Daisy, like many of today’s youth, has a completely different approach to intimacy than a lady of a certain age most likely bears (or should I say, ‘bares?’).
She is polyamorous. She is spankin’ active in the BDSM scene. And she has very complicated definitions of gender.
As her stay of two weeks turned into months, my home morphed into a train station of young men and women (and combinations of what my generation would call a man and a woman). I was schooled to refer to some of the visitors as “they,” because they self-identified as neither man nor woman but considered themselves to be a combination of genders that is not tied down to the conventional view of society’s mainstream taxonomy.
Struggling to remember names (thank, chemo), I eventually came to know the characters in her intimate life.
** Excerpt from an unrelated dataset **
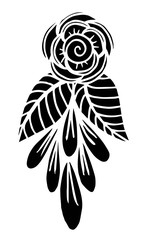 Doodle floral pattern in black and white. Page for coloring book: very interesting and relaxing job for children and adults. Zentangle drawing. Flower carpet in magic garden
I stupidly assumed that they must all lurk in the dark corners of alleys and bridges because their sexual proclivities were just so alien to me. But no, they were college students, builders, photographers, and veterans of war. And they were sensitive and intelligent and kind and accepting.
As the group spent more time together — often at my house — they culled a gathering of lovers into what’s called a “polycule.” Like a marriage, members of a polycule are committed to one another and adhere to a dedicated sex life that includes many rules, clear communication, friendship, toys and brutal tenderness. The ‘frienders’ (what I call these modern-day friends + lovers) would join up at ‘munches,’ which I gleaned is a social gathering of sorts at a local restaurant or bar, where the polycule would act out prurient scenes with ropes and blades and wooden spoons and whips, ending in tender ‘after-care’ coddling as players eased into postcoidal euphoria and/or dysphoria.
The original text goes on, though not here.